1. Can the principal components in the PCA problem be estimated using maximum likelihood? Explain.
1. What can the logistic regression estimate that the SVM cannot?
1. Can any function be approximated using the LASSO? Put differently- does the LASSO have the Universal Approximator property?
1. Write the Bernoulli likelihood loss function. To what type of $y$ does it apply? What class of `R` objects holds this data type?
1. Name two methods for dimensionality reduction in supervised learning. Explain each briefly.
1. Here is some pseudo-code:
- Set $M$ candidate learning algorithms.
- For $m \in 1,\dots,M$, do
- $\hat{f}^m(x) :=$ the predictor learned with the $m$'th algorithm.
- EndFor
- Set $\bar{f}(x) :=\frac{1}{M} \sum_{m=1}^M \hat{f}^m(x)$.
- Return $\bar{f}(x)$.
a. What is the name of the method above?
a. What is the problem the method is designed to solve?
a. Suggest an improvement to the method.
1. How many parameters need to be estimated to learn a multivariate Gaussian distribution where $p=15$. How does a graphical model help with this problem?
1.
```{r, cache=TRUE, echo=FALSE}
rules %>% sort(by='lift') %>% head(1) %>% inspect()
```
a. What method will return this output?
a. Interpret the output.
1. One researcher applied k-means clustering on the first two PCs. Another applied k-medoids on the output of classical MDS with Euclidean distances. Can the clusters differ? Explain.
1. Suggest a method to visualize a social network. Explain.
1. A researcher wishes to cluster songs (not the lyrics. the actual audio files). Suggest two methods that will allow this and discuss their possible advantages and disadvantages.
1. What is the difference between "complete" and "single" linkage in agglomerative clustering?
1. $(X'X+\lambda I)^{-1}X'y$. This is the solution to what problem?
1. What will happen if we try to learn an empirical risk minimizer with no inductive bias? What is the name of the phenomenon?
1. Name two justifications for the regularization term in LASSO regression. How do we know predictions can only improve with a small regularization?
1. What method learns a hypothesis in the class $f(x)= \sum_{m=1}^M c_m I_{\{x \in R_m \}}$.
a. What is the name of the hypothesis class?
a.
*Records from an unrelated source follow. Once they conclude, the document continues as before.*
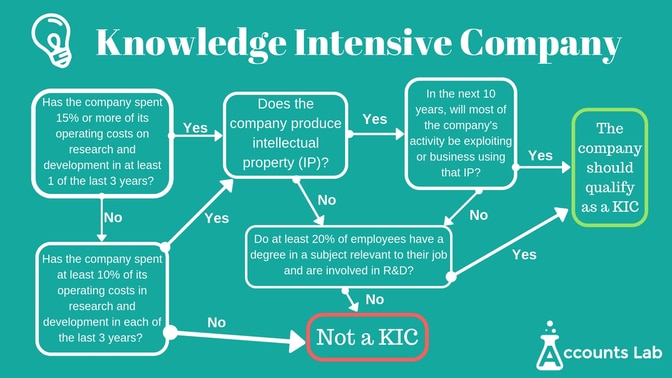 kic_flowchart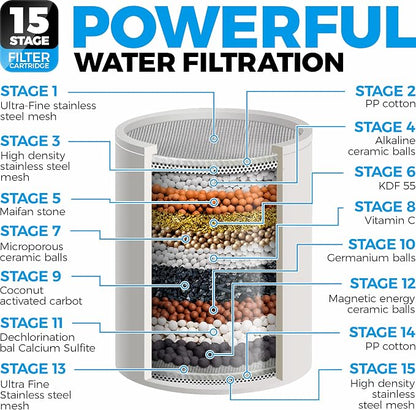Handheld Shower Head With Filter - 15+2 Stage Filtration for Imporved Water - Vitamin C and E Infused With SPA Effect - High Pressure Head With Hose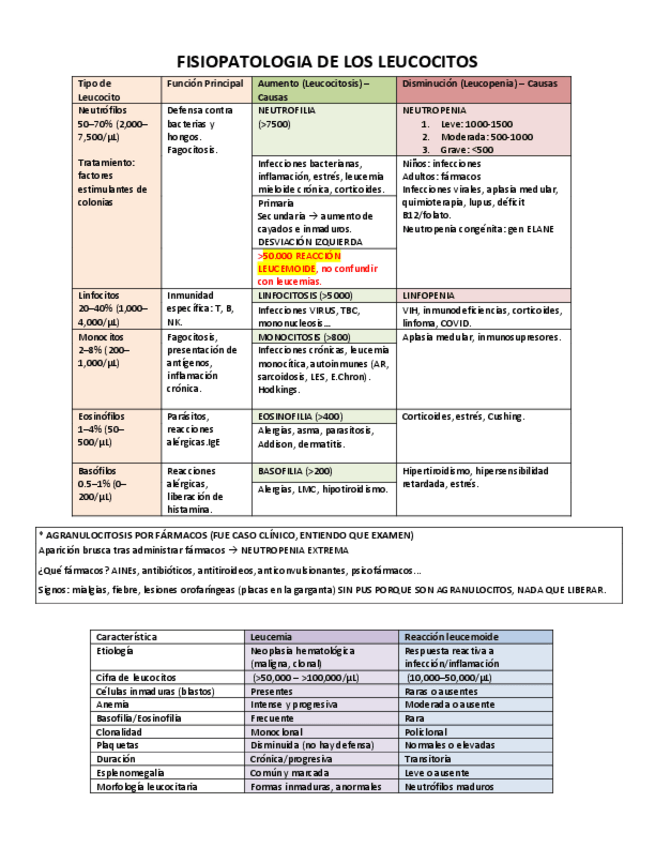 Miniatura del documento FISIOPATOLOGIA-LEUCOCITARIA.pdf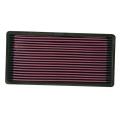 1987 - 1995 Jeep Cherokee  K&N Air Filter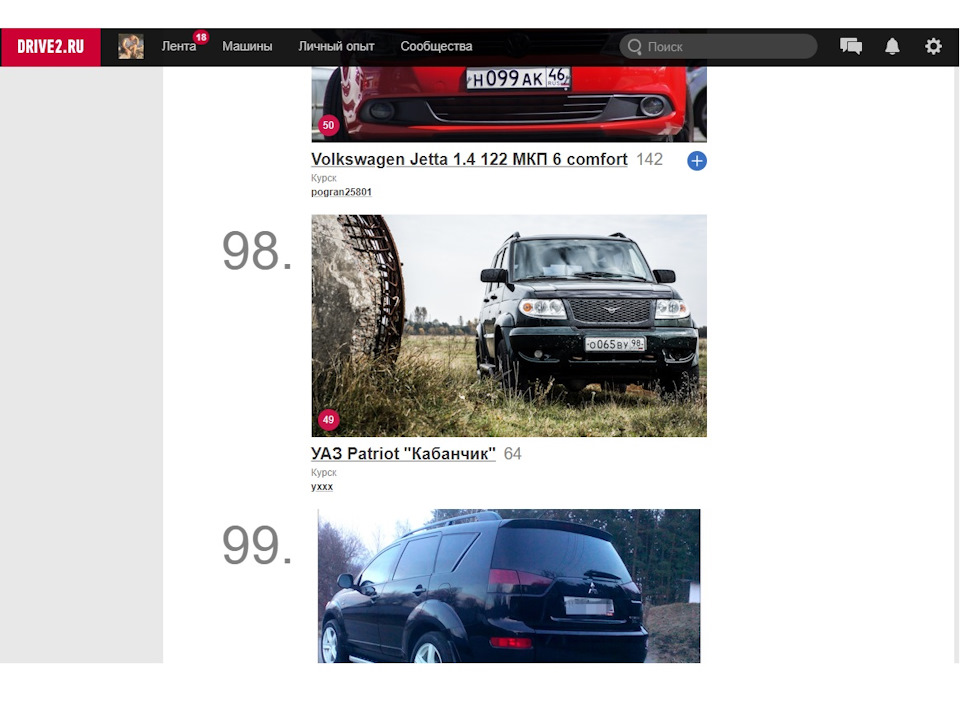 Мы в ТОП Курск — УАЗ Patriot, 2,7 л, 2009 года | рейтинг и продвижение ...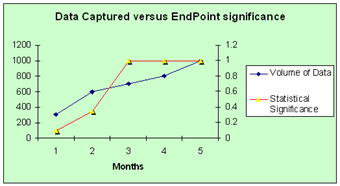 Mock Endpoint Significance chart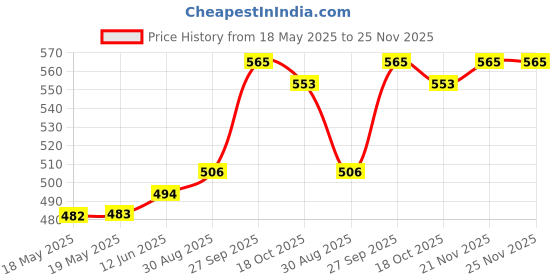 industrybuying.com AMPHENOL COMMUNICATIONS SOLUTIONS CONNECTOR, HD D SUB, RCPT, 62POS, L77HDC62SD1CH4R amphenol communications solutions Price History Graph from 18 May 2025 to 25 Nov 2025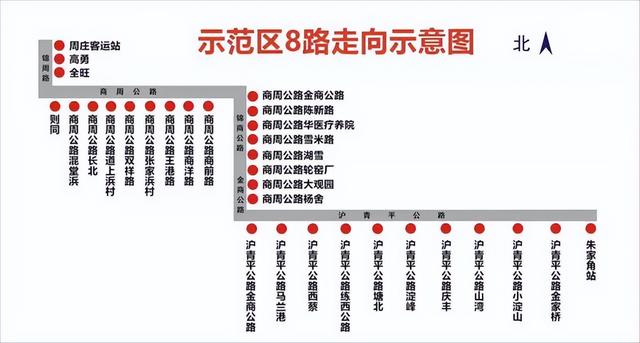 上海到周庄公交单程仅需11元，公交和火车、自驾出行的优势分析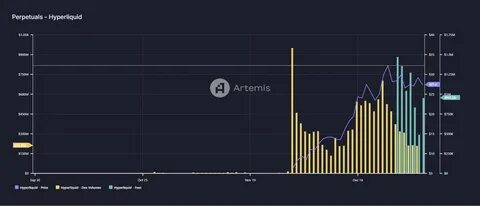 Hyperliquid’s $4 Million Loss Sparks Debate on Leverage and Risk in Decentralized Exchanges - Binance
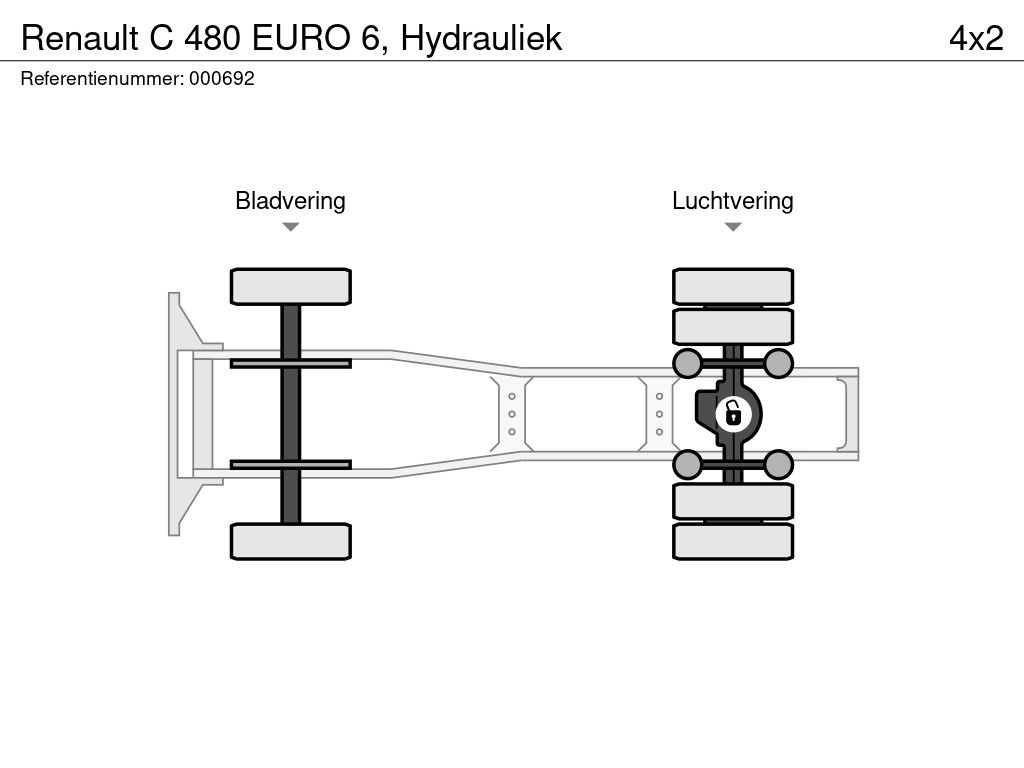 Renault C 480 EURO 6, Hydrauliek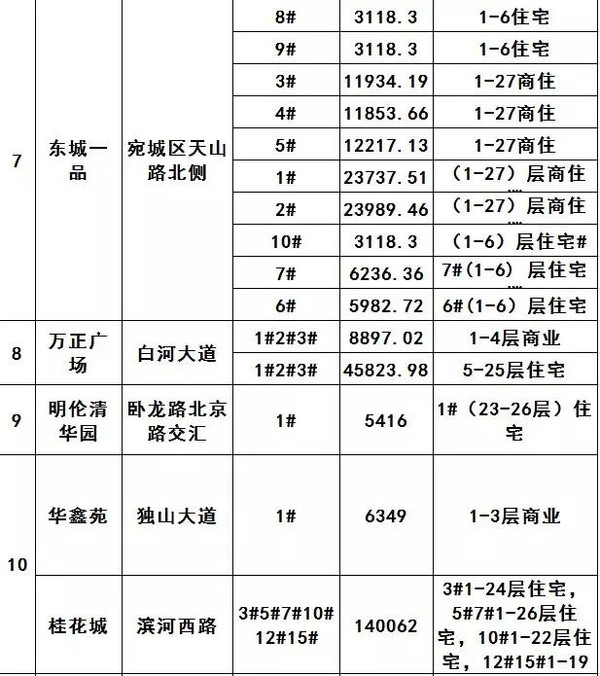 2025年南阳城封控动态：实时资讯一览无遗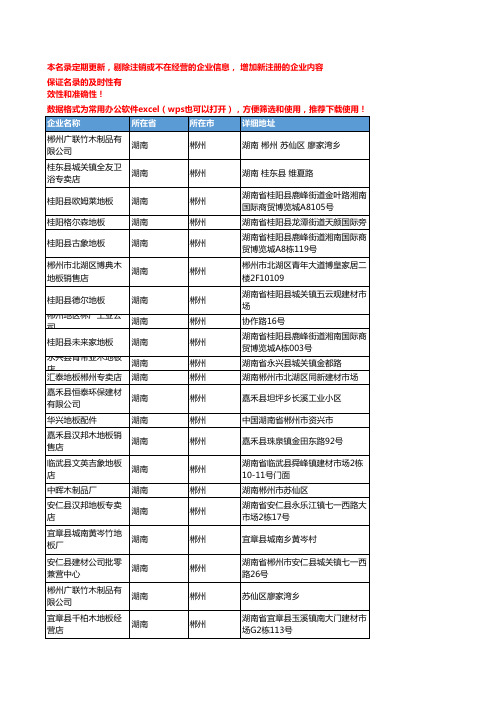 2020新版湖南郴州地板企业公司名录名单黄页联系方式大全50家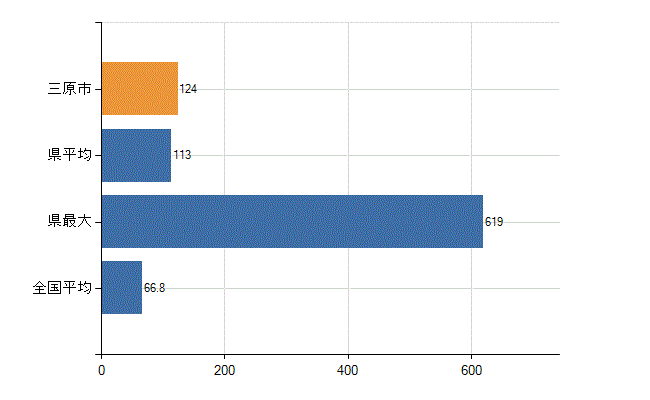 三原市の業務別医師数：病院　勤務者数（医育機関附属の病院を除く）(人)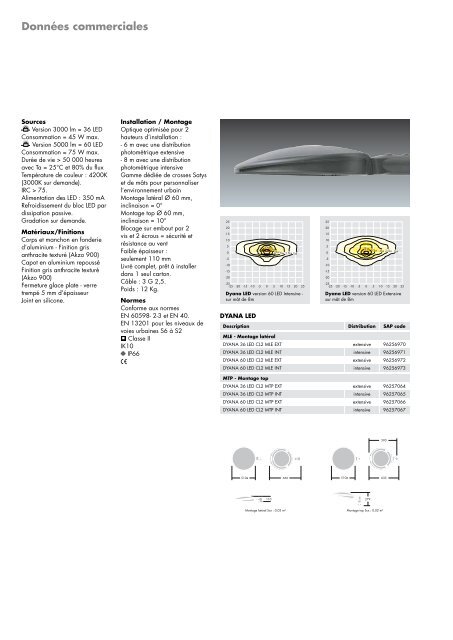 Dyana LED - THORN Lighting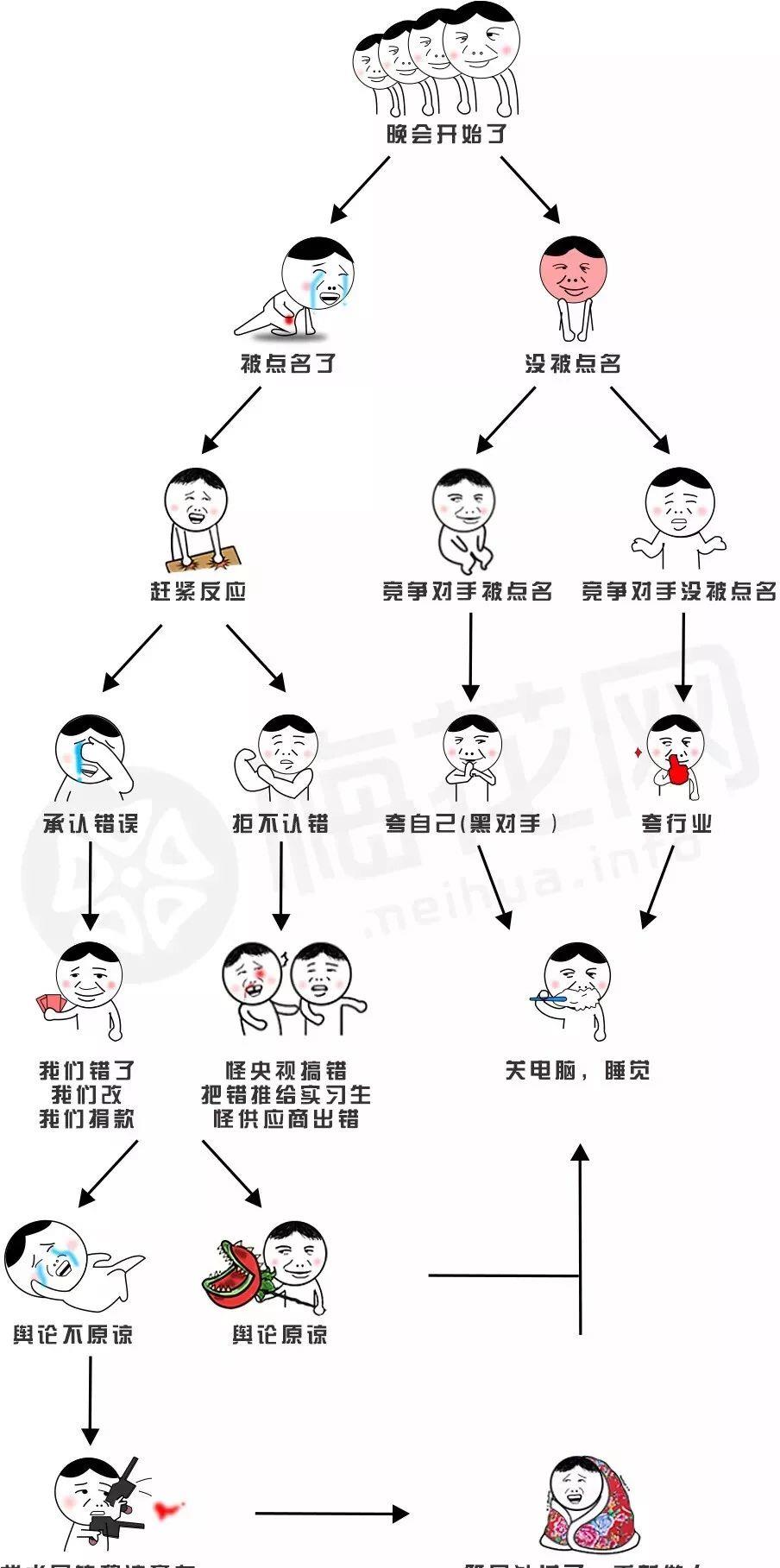 今年的315打假都打了什么,每年315打假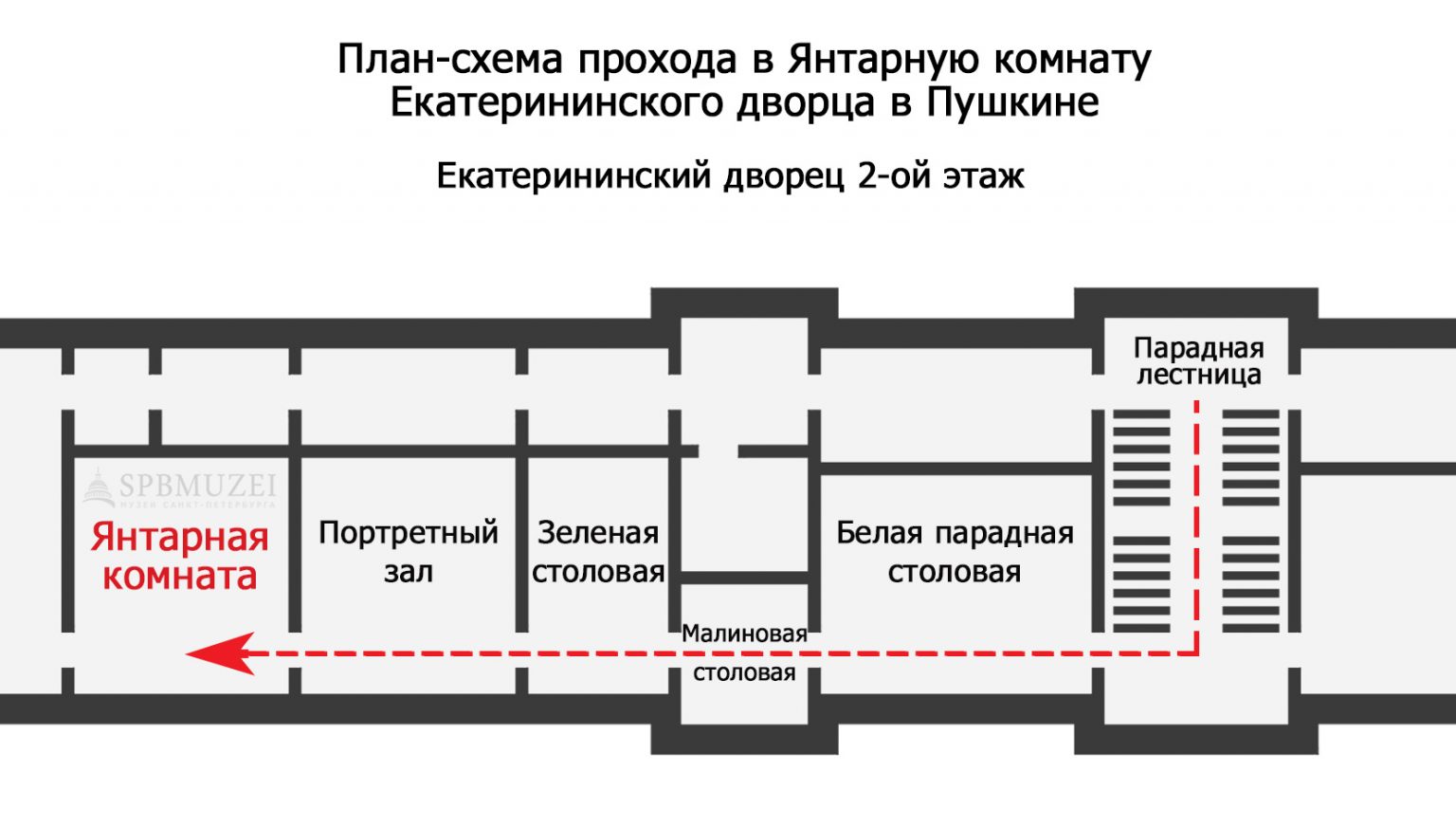 Екатерининский дворец схема залов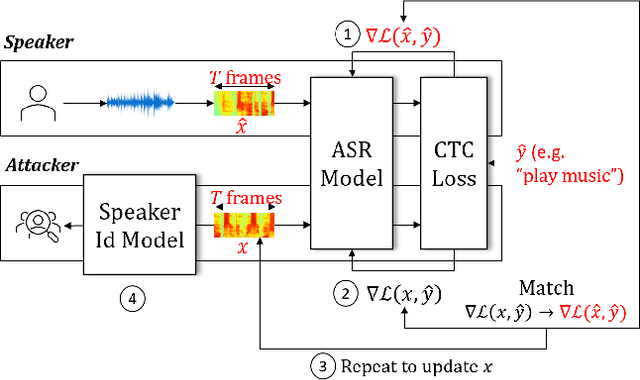 Figure 1 for A Method to Reveal Speaker Identity in Distributed ASR Training, and How to Counter It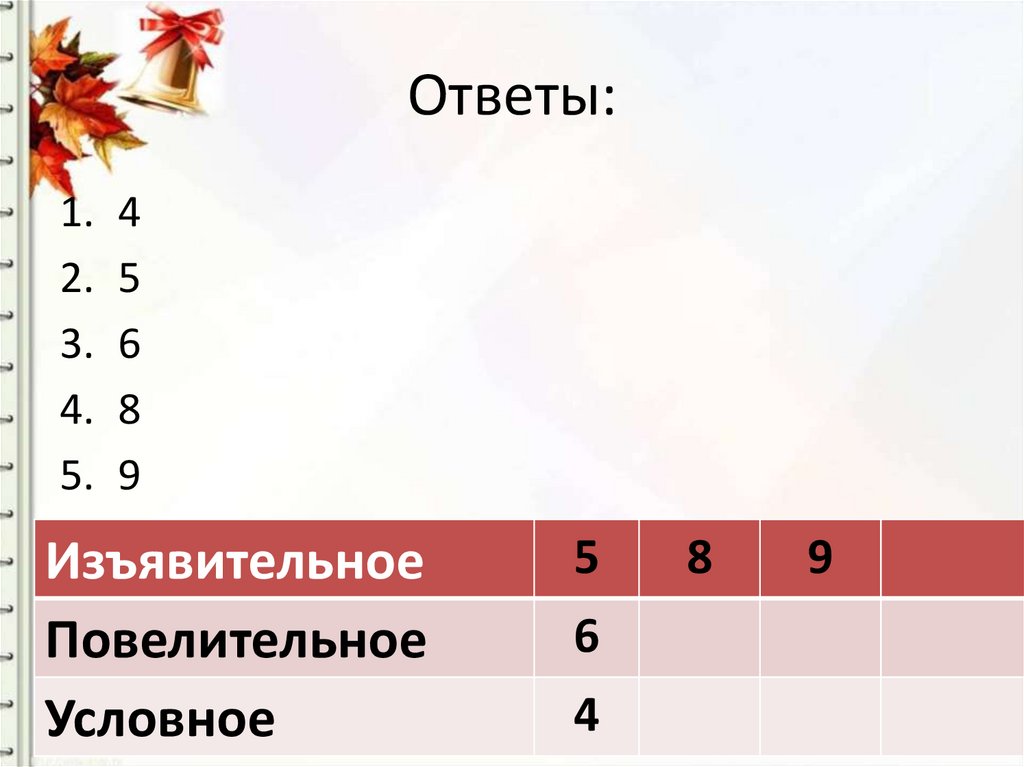 Виды сказуемых. Простое глагольное сказуемое - online presentation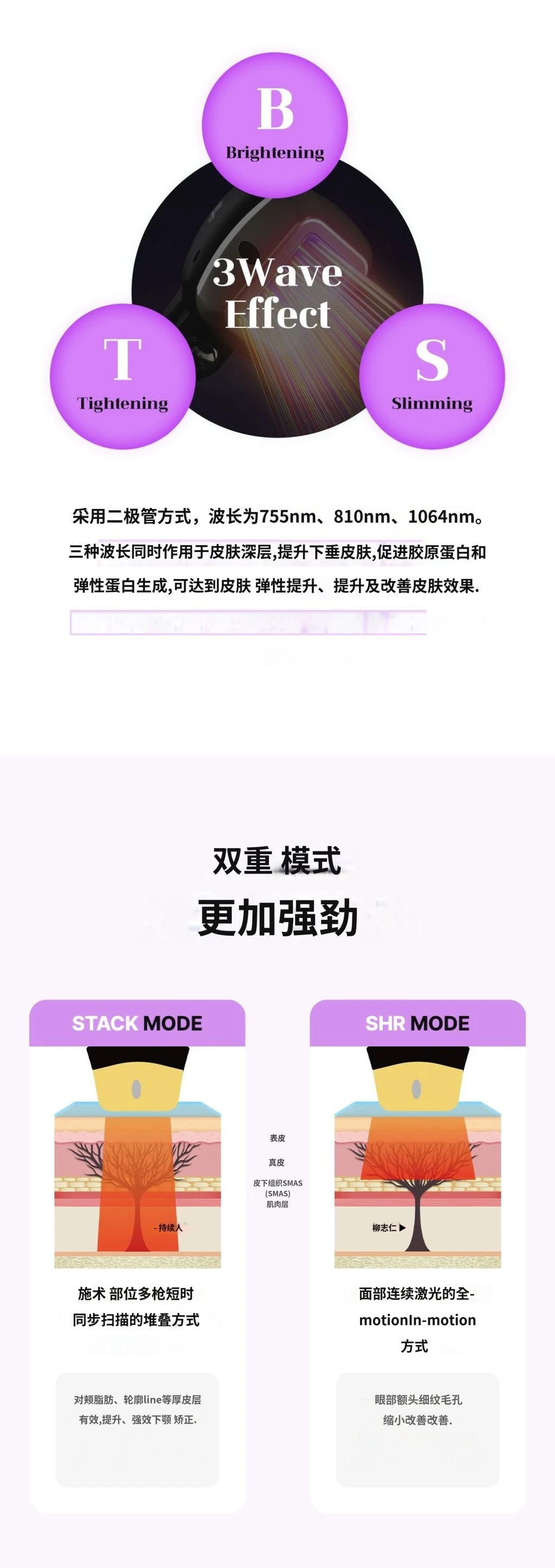 treatmentIntroduction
Name a particularly desirable property of this class (and thus- of the method)
1. If I am using the Deviance likelihood as a loss function-- what type is my predicted variable?
1. Having learned a mixture distribution $p(x)=\sum_{k=1}^k \pi_k p_k(x)$; how can I use it for clustering?
1. Why can't we produce a bi-plot for MDS while we can for PCA?
1. What is the difference between a Streaming Algorithm, and a Batch-Algorithm.
1. Why is prediction an easier task than classical statistical inference (from the Estimation course)?
1. What are the two historical motivations underlying PCA?
1. We saw that for the PCA problem, it suffice to know only the correlations between variables $X'X$. Why does it not suffice for OLS?
1. In what course did you cover methods for unsupervised learning of a parametric generative model? Name two learning methods?